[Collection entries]
━━━━━━━━━━━━━━━━

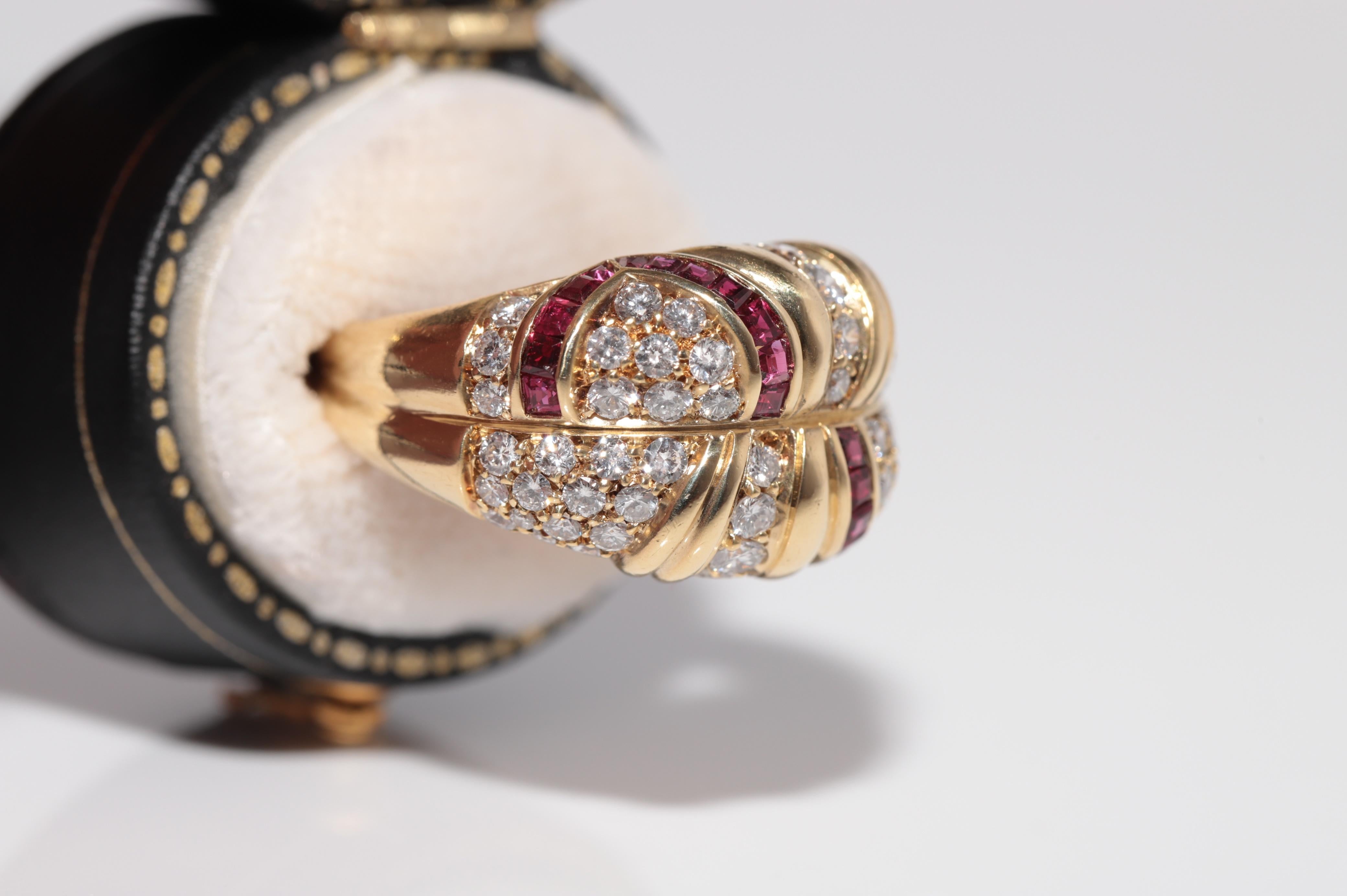 Dekorierter Vintage-Ring aus 18 Karat Gold mit natürlichem Diamanten und Rubin im Kaliberschliff, ca. 1980er Jahre (Retro) im Angebot
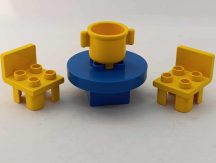 Lego Duplo asztal székkel edénnyel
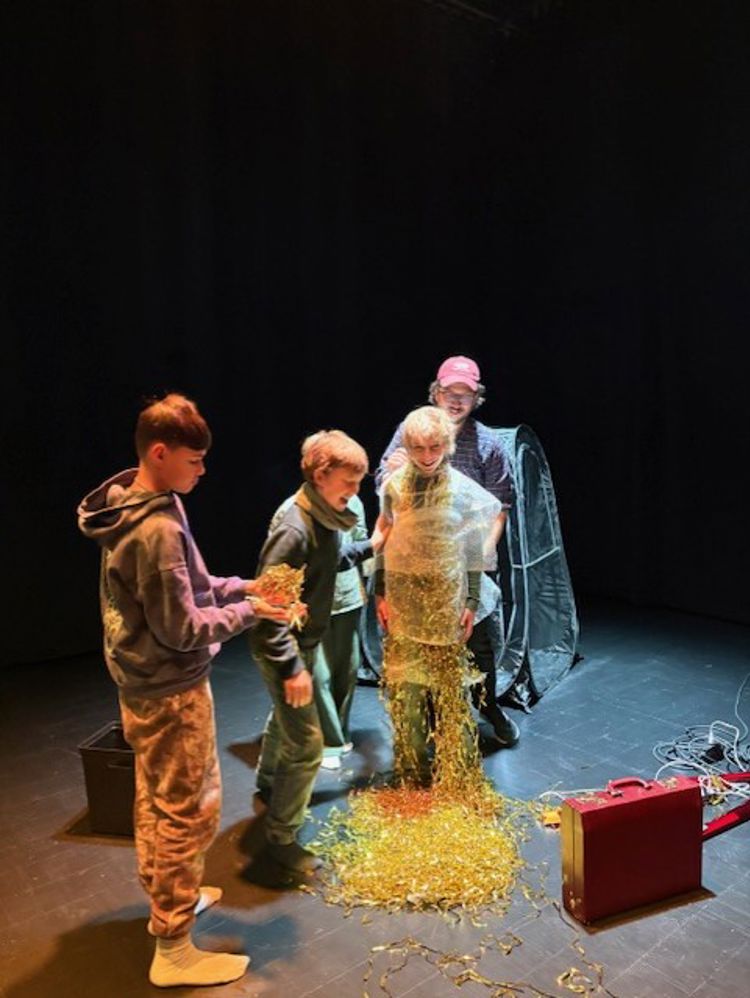 en gruppe mennesker på en scene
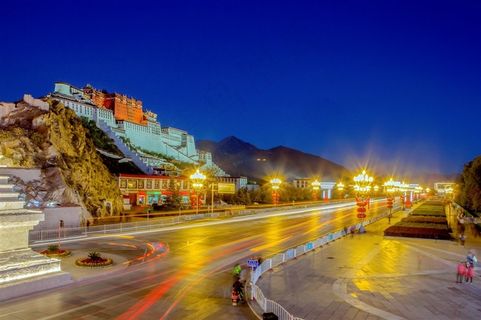 西藏布达拉宫夜景素材图片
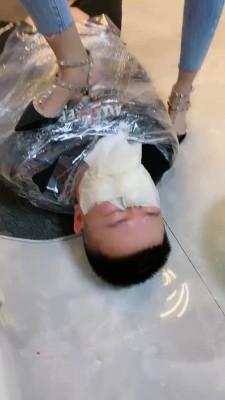 【麋鹿银儿】带素人小姐姐全体重踩狗 bf21155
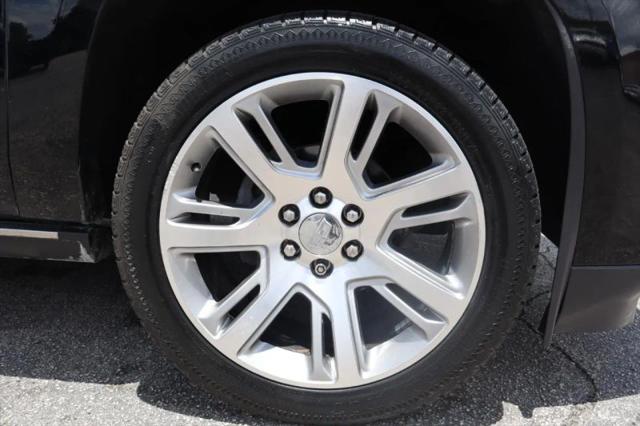 2017 Cadillac Escalade ESV Premium Luxury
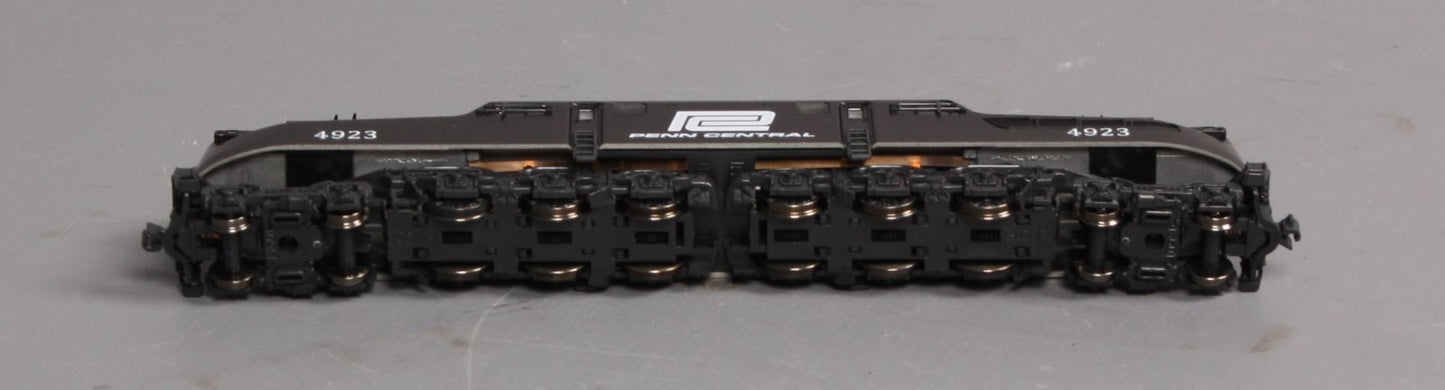 Kato 137-2024 N Scale Penn Central GG-1 Electric Locomotive w/ DC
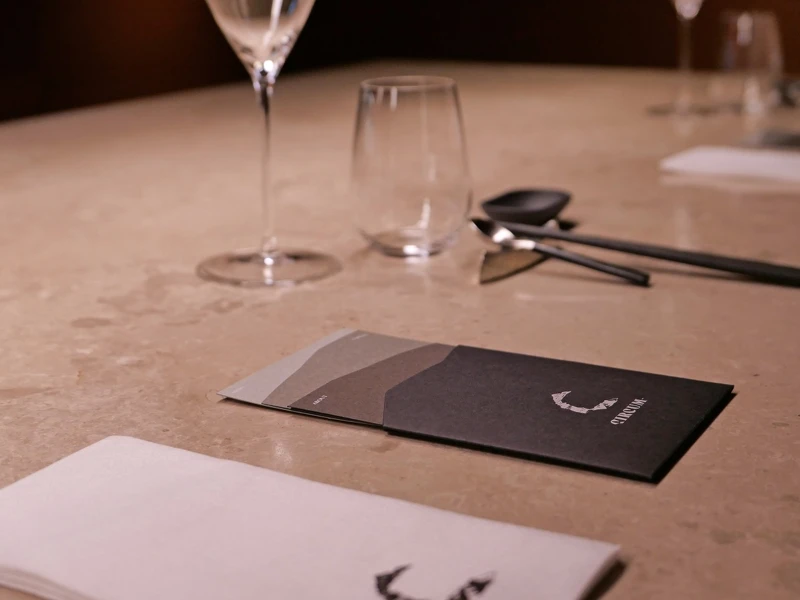 此次推出午間菜單。 此次推出午間菜單。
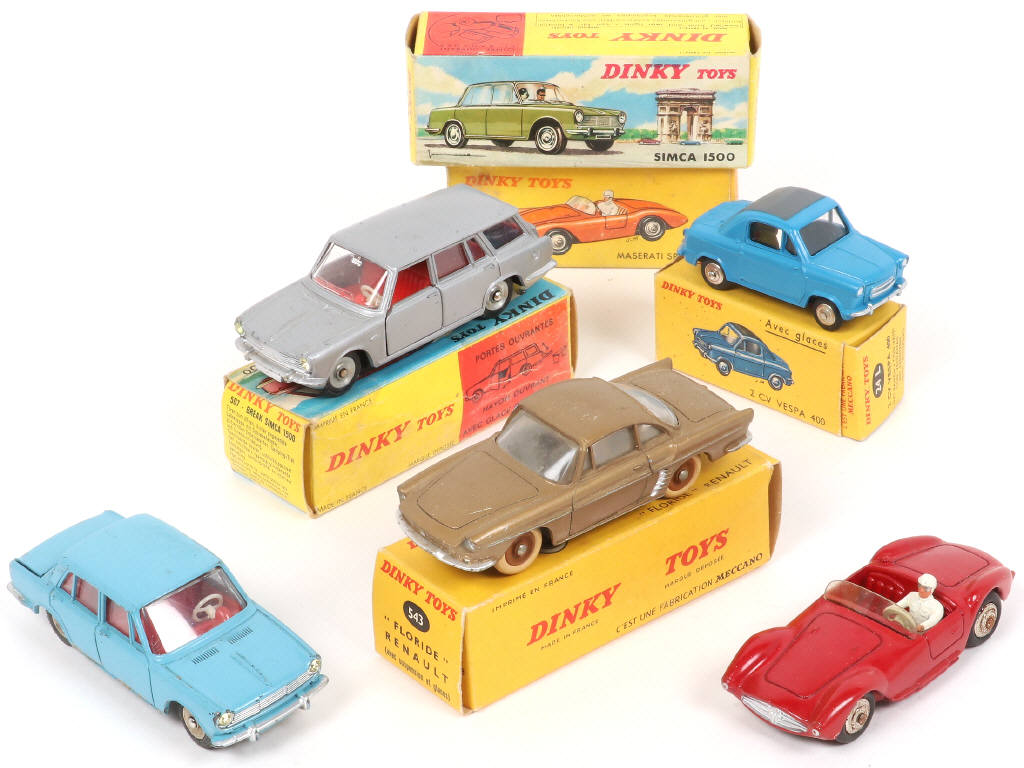Lot 315 - DINKY TOYS (FRANCE) (5)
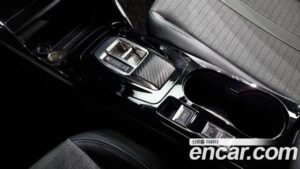 Peugeot 2008 1.5 BlueHDi ALLURE 2022 года из Южной Кореи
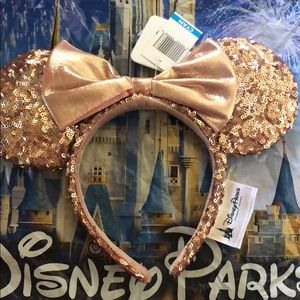 Rose gold Minnie ears used once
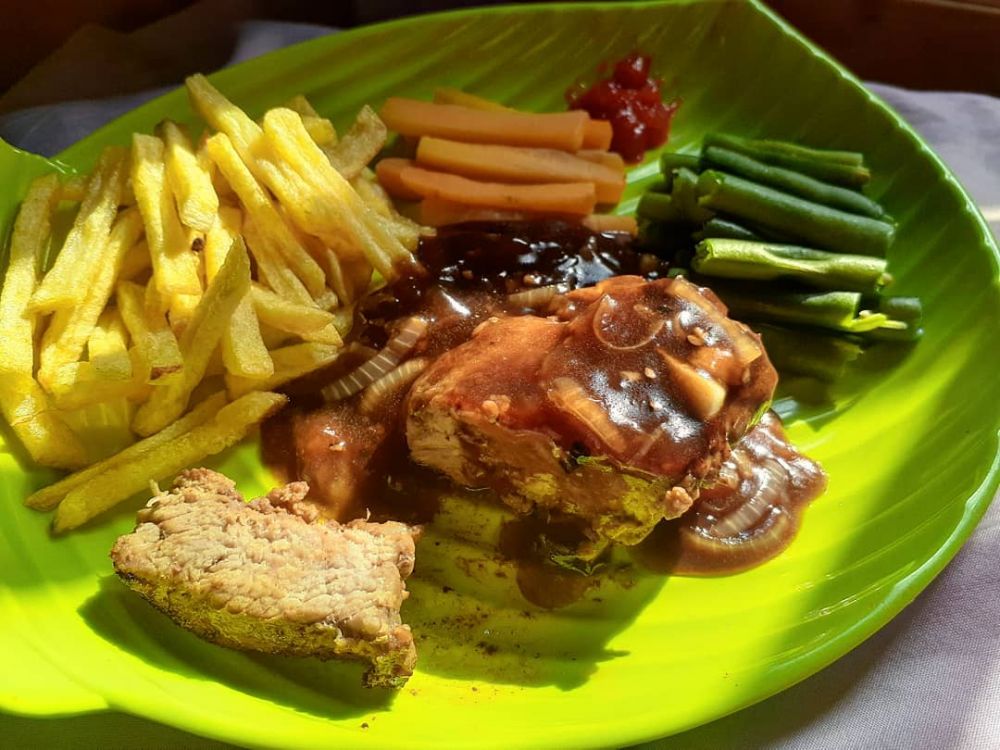 13 Resep steak daging sapi teflon ala rumahan, lezat, praktis, dan bumbunya meresap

━━━━━━━━━━━━━━━━

* **INSTRUCTIONS FOR THE TASK**
All lines above are to be restated word for word, with pictures excluded.

* **WRITTEN SOLUTION**
 Dekorierter Vintage-Ring aus 18 Karat Gold mit natürlichem Diamanten und Rubin im Kaliberschliff, ca. 1980er Jahre (Retro) im Angebot
 Lego Duplo asztal székkel edénnyel
 en gruppe mennesker på en scene
 西藏布达拉宫夜景素材图片
 【麋鹿银儿】带素人小姐姐全体重踩狗 bf21155
 2017 Cadillac Escalade ESV Premium Luxury
 Kato 137-2024 N Scale Penn Central GG-1 Electric Locomotive w/ DC
 此次推出午間菜單。 此次推出午間菜單。
Lot 315 - DINKY TOYS (FRANCE) (5)
 Peugeot 2008 1.5 BlueHDi ALLURE 2022 года из Южной Кореи
 Rose gold Minnie ears used once
 13 Resep steak daging sapi teflon ala rumahan, lezat, praktis, dan bumbunya meresap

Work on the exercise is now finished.